- © 2016 Mineralogical Society of America
The mineral loparite is the principal ore of the light rare earth elements (LREE) with solid solution compositions in the quaternary system perovskite-lueshite-tausonite-loparite (CaTiO3-NaNbO3-SrTiO3-Na0.5Ln0.5TiO3) (Ln = La, Ce, Pr, Nd). In this study, perovskite solid solutions Ca1−2xNaxLaxTiO3 (0 ≤ x ≤ 0.50) along the perovskite-loparite join were synthesized using solid-state sintering methods. XRD analysis indicates that as the Na+La content increases, the structure changes from orthorhombic to tetragonal. The enthalpies of formation at 298 K from the constituent oxides and from the elements have been determined using high-temperature oxide melt solution calorimetry in molten 3Na2O·4MoO3 at 973 K. Enthalpy of formation from oxides becomes more exothermic with increasing Na+La content, suggesting a stabilization effect of the substitution Ca2+ → 0.5Na+ + 0.5La3+. The observed trend of increasing thermodynamic stability with decreasing structural distortion is in agreement with that seen in many other ABO3 perovskites. The thermodynamic stability of perovskite solid solutions Ca1−2xNaxLaxTiO3 (0 ≤ x ≤ 0.50) along the CaTiO3-Na0.5La0.5TiO3 join provides insights into the natural occurrence of loparite minerals (La,Na,Sr,Ca)(Ti,Nb,Ta,Fe3+)O3.
Loparite, a complex perovskite with general formula (Ce,Na,Sr,Ca) (Ti,Nb,Ta,Fe3+)O3, is of significance ranging from mineralogy to advanced materials. From the geoscience point of view, the mineral loparite is the principal ore of the light rare-earth elements (LREE) found, for example, in Russia (Hedrick et al. 1997), Canada (Chakhmouradian et al. 2007; Platt 1994), South America (Haggerty and Mariano 1983), as well as the U.S.A. (Mitchell and Chakhmouradian 1999). It is a ubiquitous accessory mineral in agpaitic alkaline lithologies, with particular interest in petrogenetic investigations (Mitchell et al. 2011).
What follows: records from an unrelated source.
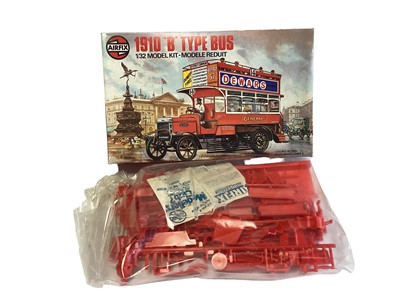 Lot 43 - Airfix 1:32 Scale  Series 4 1910 B Type Bus No.6443-1 & 1914 Dennis Fire Engine  No. 6442-8, both boxed (2)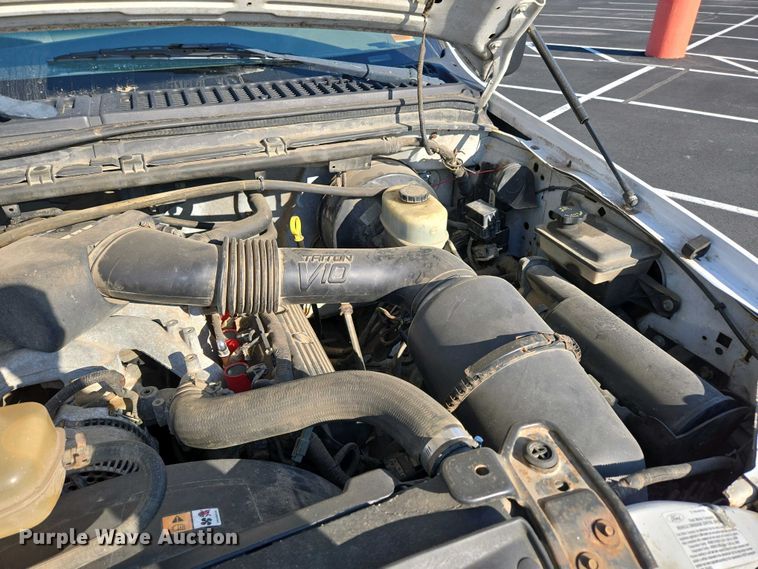 image for item DP6338 2004 Ford F350 Super Duty XL Crew Cab utility bed pickup truck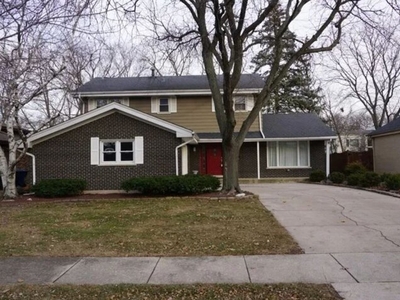 Home For Rent In Flossmoor, Illinois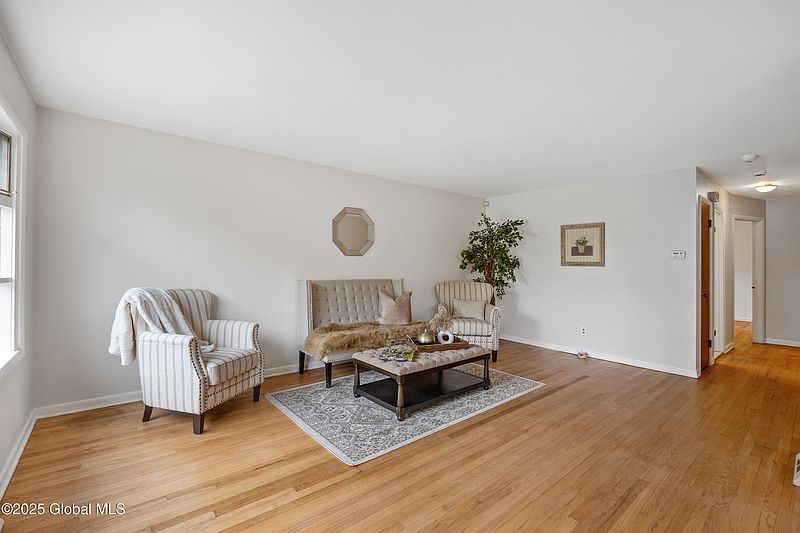 3rd image of 39 Hillcrest Avenue
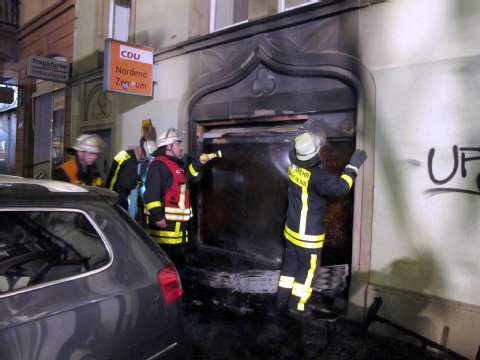 Das Sicherheitsglas verhinderte, dass die Flammen auf das Haus übergriffen.Foto: Jürgen Mahnke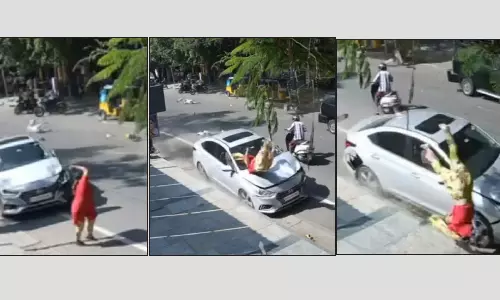 கோவையில் பெண் மீது மோதி தூக்கி வீசிய கார்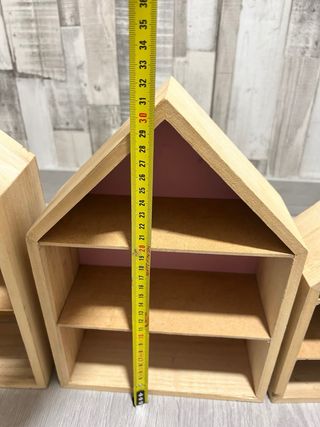 Estanterías decorativas forma casa madera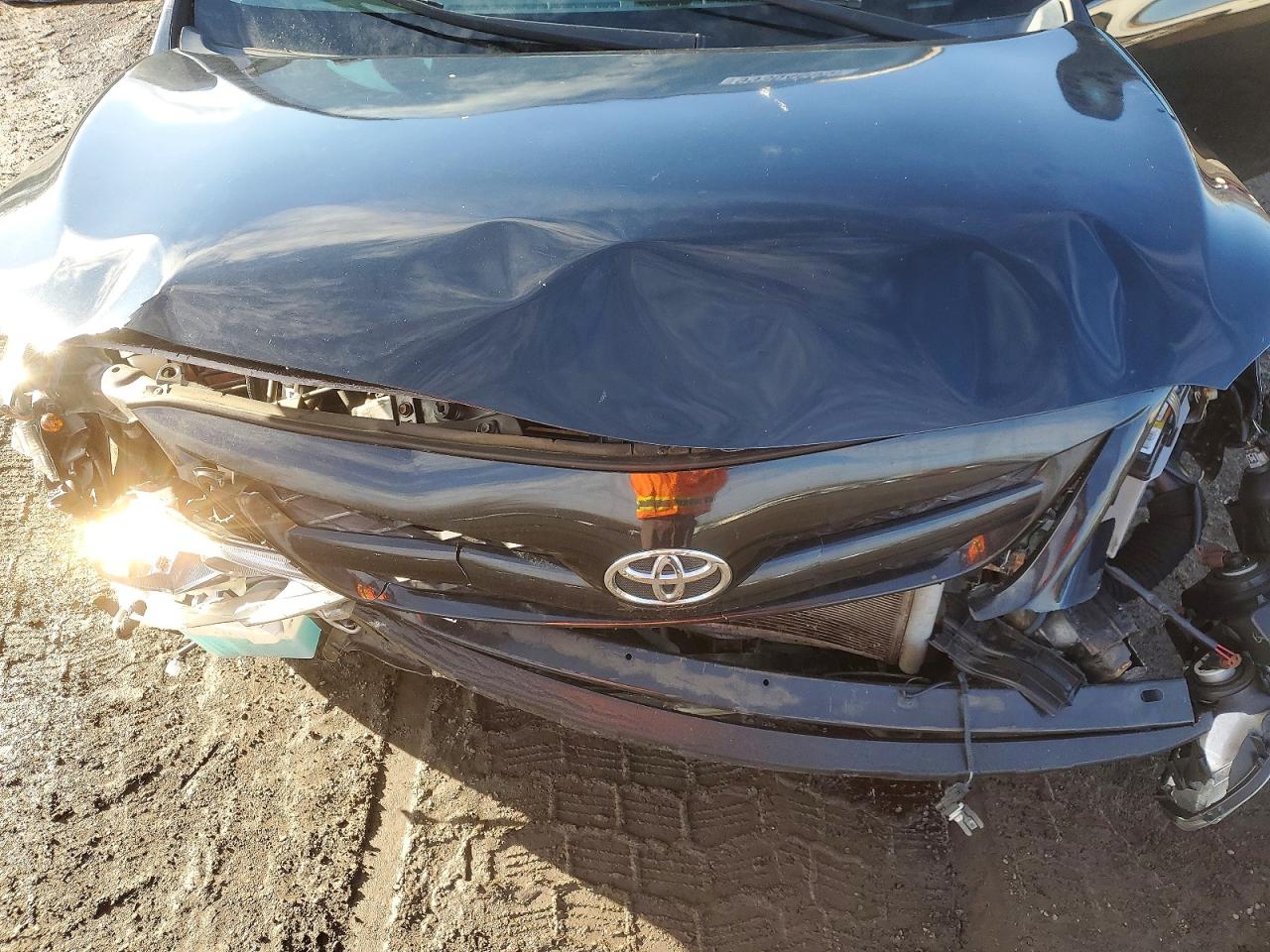 2012 TOYOTA COROLLA BASE photo 11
Most recently, loparite-(Ce) has also been found with promising ferroelectric properties (Popova et al. 2014).
Loparite was first described by Wilhelm Ramsay in 1890 from the agpaitic syenites of the Lovozero alkaline complex in Kola Peninsula of Russia (Ramsay and Hackman 1894) and the chemical composition was analyzed later (Bykova 1941). Loparite belongs to the perovskite family where the A-site may accommodate alkali, alkaline earth, and rare earth cations, ranging from monovalent to trivalent. The structure of loparite-(Ce) minerals has been determined (Mitchell et al. 2000a; Mitchell and Chakhmouradian 1996) using single-crystal X-ray diffraction and is often described to have pseudocubic symmetry. Niobian calcian loparite-(Ce) from the Khibina complex in Russia has been found with orthorhombic structure, while calcian niobian loparite-(Ce) from the Lovozero complex in Russia and strontian calcian loparite-(Ce) from the Bearpaw Mountains in Montana are tetragonal.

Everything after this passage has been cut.